Après le dur labeur de leur journée, de petits moines tibétains avaient droit à un peu de récréation. Aussi forts soient-ils dans les jeux de l’esprit et de la connaissance, au moment de jouer, ils redevenaient de simples enfants. Leur jeu favori était de faire s’envoler des cerfs-volants. Malheureusement, ils étaient malhabiles dans cet exercice et leur technique laissait à désirer, car à chaque tentative, les cerfs-volants retombaient avec fracas sur le sol. La voile parfois se déchirait, d’autres fois, la corde était trop courte ou parfois l’armature était trop lourde. Ces échecs répétés provoquaient beaucoup de disputes parmi eux.
Or, il advint qu’une jeune fille vint à passer dans la montagne. Elle était juste là pour surveiller son troupeau et en voyant les vaines espérances de cette troupe de moinillons, elle s’en amusa dans un premier temps, puis finit par les trouver stupides et exaspérants. N’y tenant plus, elle décida de remédier au problème et s’avançant vers eux avec témérité, emprunta un des cerfs-volants. Aussitôt, elle répara les dommages, équilibra la voilure et, tel un aigle majestueux, il décolla du sol et dessina d’amples arabesques au-dessus de la tête des enfants, interloqués.

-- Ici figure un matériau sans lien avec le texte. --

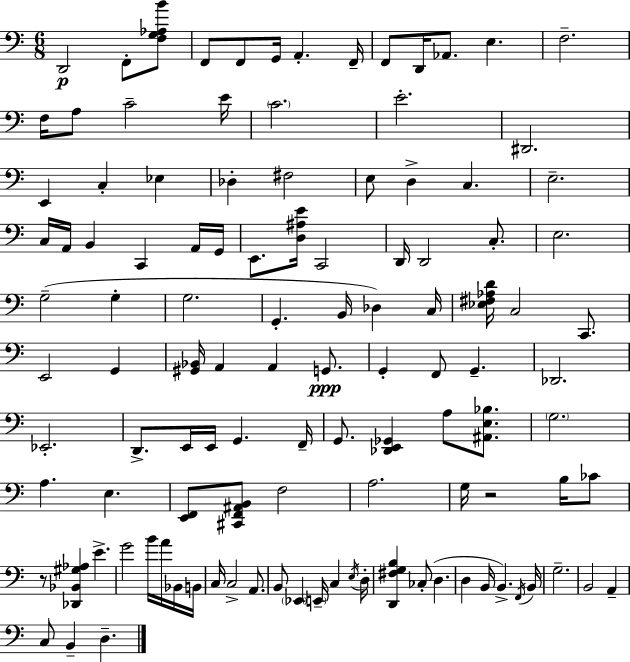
X:1
T:Untitled
M:6/8
L:1/4
K:Am
D,,2 F,,/2 [F,G,_A,B]/2 F,,/2 F,,/2 G,,/4 A,, F,,/4 F,,/2 D,,/4 _A,,/2 E, F,2 F,/4 A,/2 C2 E/4 C2 E2 ^D,,2 E,, C, _E, _D, ^F,2 E,/2 D, C, E,2 C,/4 A,,/4 B,, C,, A,,/4 G,,/4 E,,/2 [D,^A,E]/4 C,,2 D,,/4 D,,2 C,/2 E,2 G,2 G, G,2 G,, B,,/4 _D, C,/4 [_E,^F,_A,D]/4 C,2 C,,/2 E,,2 G,, [^G,,_B,,]/4 A,, A,, G,,/2 G,, F,,/2 G,, _D,,2 _E,,2 D,,/2 E,,/4 E,,/4 G,, F,,/4 G,,/2 [_D,,E,,_G,,] A,/2 [^A,,E,_B,]/2 G,2 A, E, [E,,F,,]/2 [^C,,F,,^A,,B,,]/2 F,2 A,2 G,/4 z2 B,/4 _C/2 z/2 [_D,,_B,,^G,_A,] E G2 B/4 A/4 _B,,/4 B,,/4 C,/4 C,2 A,,/2 B,,/2 _E,, E,,/4 C, E,/4 D,/4 [D,,^F,G,B,] _C,/2 D, D, B,,/4 B,, F,,/4 B,,/4 G,2 B,,2 A,, C,/2 B,, D,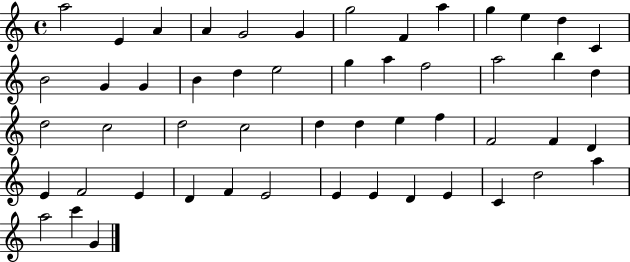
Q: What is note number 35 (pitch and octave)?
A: F4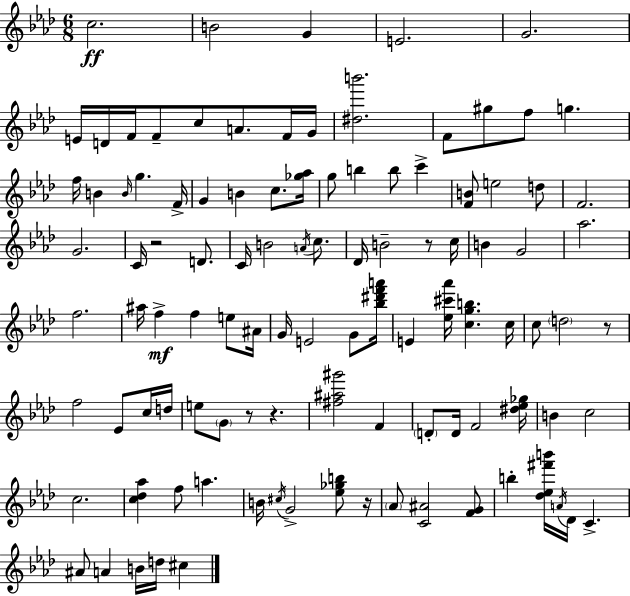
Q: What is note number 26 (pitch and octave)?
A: G5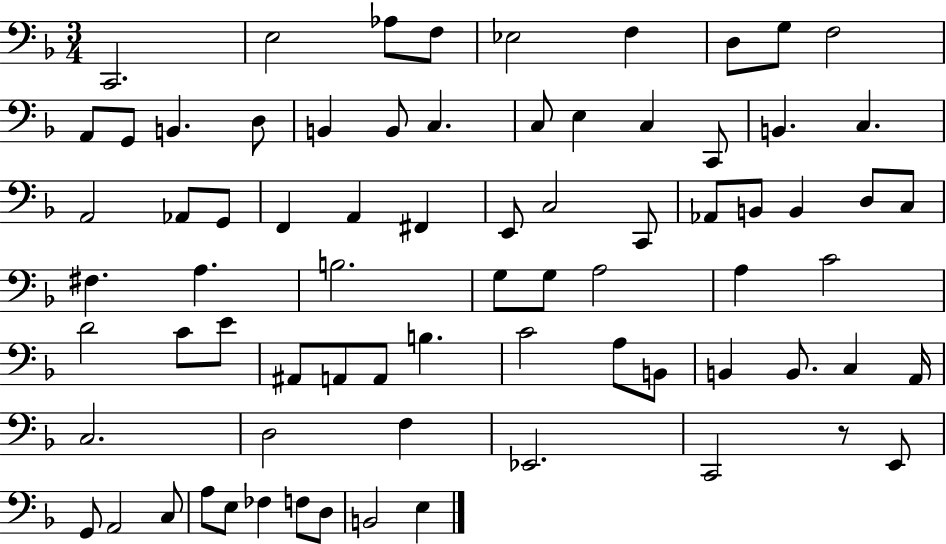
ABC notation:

X:1
T:Untitled
M:3/4
L:1/4
K:F
C,,2 E,2 _A,/2 F,/2 _E,2 F, D,/2 G,/2 F,2 A,,/2 G,,/2 B,, D,/2 B,, B,,/2 C, C,/2 E, C, C,,/2 B,, C, A,,2 _A,,/2 G,,/2 F,, A,, ^F,, E,,/2 C,2 C,,/2 _A,,/2 B,,/2 B,, D,/2 C,/2 ^F, A, B,2 G,/2 G,/2 A,2 A, C2 D2 C/2 E/2 ^A,,/2 A,,/2 A,,/2 B, C2 A,/2 B,,/2 B,, B,,/2 C, A,,/4 C,2 D,2 F, _E,,2 C,,2 z/2 E,,/2 G,,/2 A,,2 C,/2 A,/2 E,/2 _F, F,/2 D,/2 B,,2 E,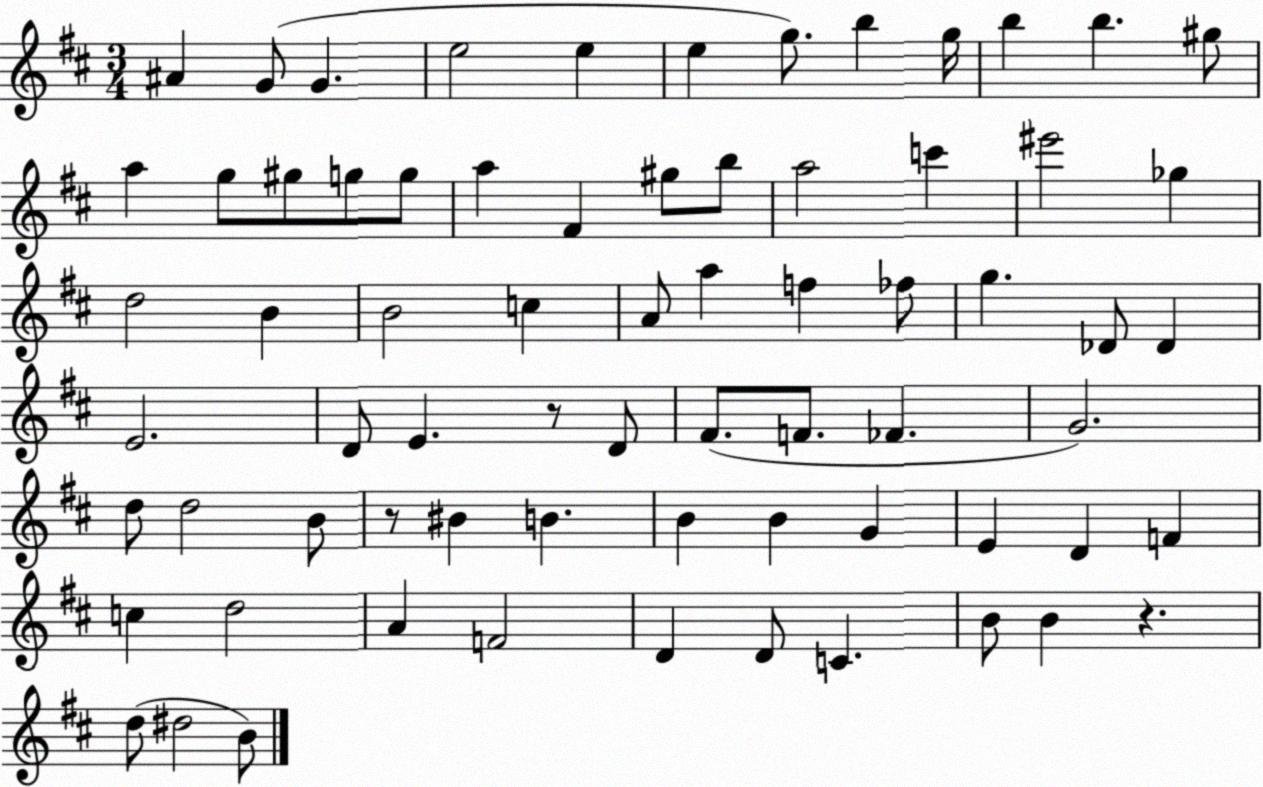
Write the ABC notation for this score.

X:1
T:Untitled
M:3/4
L:1/4
K:D
^A G/2 G e2 e e g/2 b g/4 b b ^g/2 a g/2 ^g/2 g/2 g/2 a ^F ^g/2 b/2 a2 c' ^e'2 _g d2 B B2 c A/2 a f _f/2 g _D/2 _D E2 D/2 E z/2 D/2 ^F/2 F/2 _F G2 d/2 d2 B/2 z/2 ^B B B B G E D F c d2 A F2 D D/2 C B/2 B z d/2 ^d2 B/2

« Comment as-tu fait ? déclarèrent-ils, en choeur. Après tout, tu n’es qu’une gardienne de bétail et tu ne connais rien aux mystères de la science ». Sans se démonter, la jeune fille rétorqua : « Je n’ai, certes, pas votre savoir mais j’ai souvent regardé la course des nuages, j’ai admiré sans cesse le vol des oiseaux et j’ai goûté infiniment la beauté du ciel. Ainsi, mes yeux se sont ouverts et j’ai compris qu’il ne fallait rien forcer mais laisser libre cours à la vie. C’est votre cerf-volant qui décidera de s’envoler et c’est lui qui guidera vos gestes. Si vous n’exercez plus votre seule volonté, vous serez toujours assurés de réussir. »

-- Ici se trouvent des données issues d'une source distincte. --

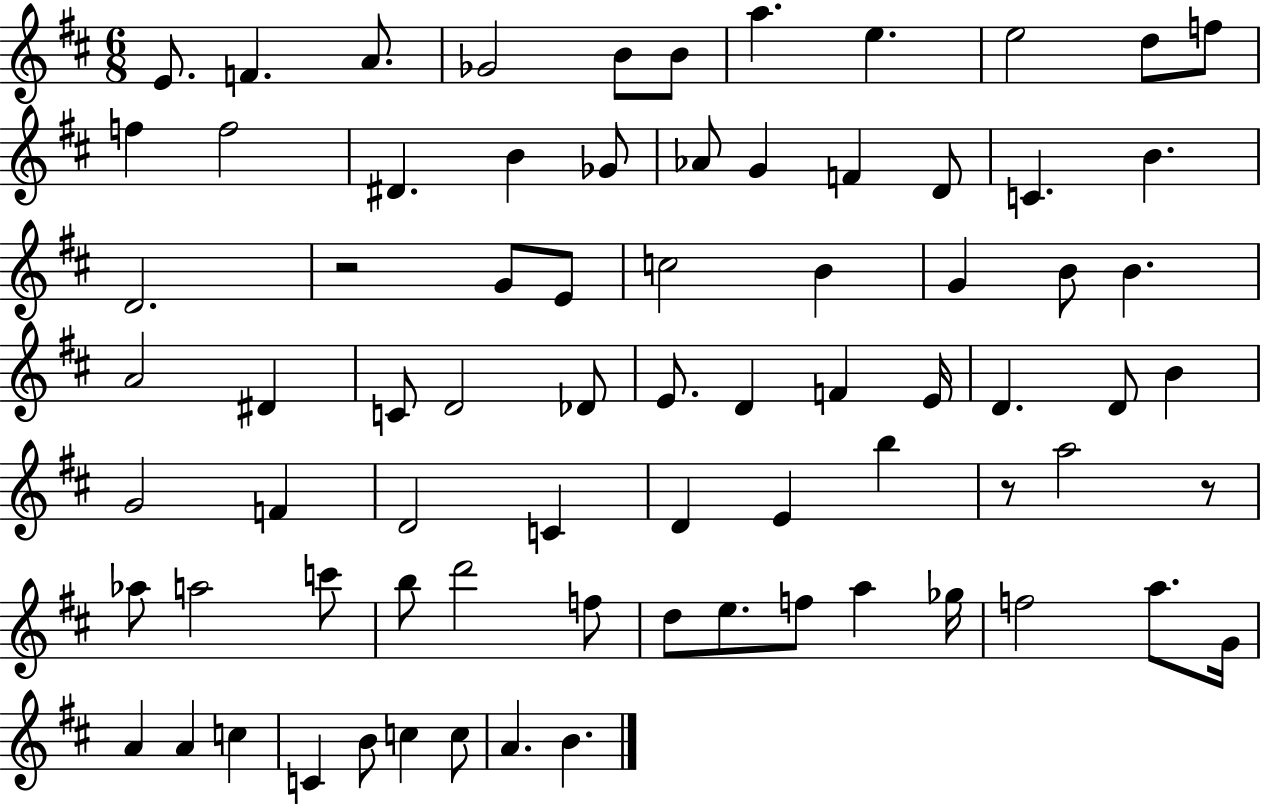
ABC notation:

X:1
T:Untitled
M:6/8
L:1/4
K:D
E/2 F A/2 _G2 B/2 B/2 a e e2 d/2 f/2 f f2 ^D B _G/2 _A/2 G F D/2 C B D2 z2 G/2 E/2 c2 B G B/2 B A2 ^D C/2 D2 _D/2 E/2 D F E/4 D D/2 B G2 F D2 C D E b z/2 a2 z/2 _a/2 a2 c'/2 b/2 d'2 f/2 d/2 e/2 f/2 a _g/4 f2 a/2 G/4 A A c C B/2 c c/2 A B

Caché derrière un petit mont, un maître avait tout entendu de cet échange. Il sourit intérieurement car il venait d’entendre des paroles justes et sages. Il espérait que les petits moines retiendraient la leçon et ce fut effectivement le cas. Quant à la jeune bergère, elle continua simplement de s’émerveiller car, là, réside le secret de la connaissance.
COMMENTAIRE
Ce conte a été donné à une personne qui devait apprendre à faire la distinction entre le savoir et la connaissance. Le savoir est une science et la connaissance est un art. La connaissance s'acquiert par le coeur ("l'émerveillement") et le savoir par la raison ("mystères de la science").
VIETNAM HCMC (Photo de l'auteure).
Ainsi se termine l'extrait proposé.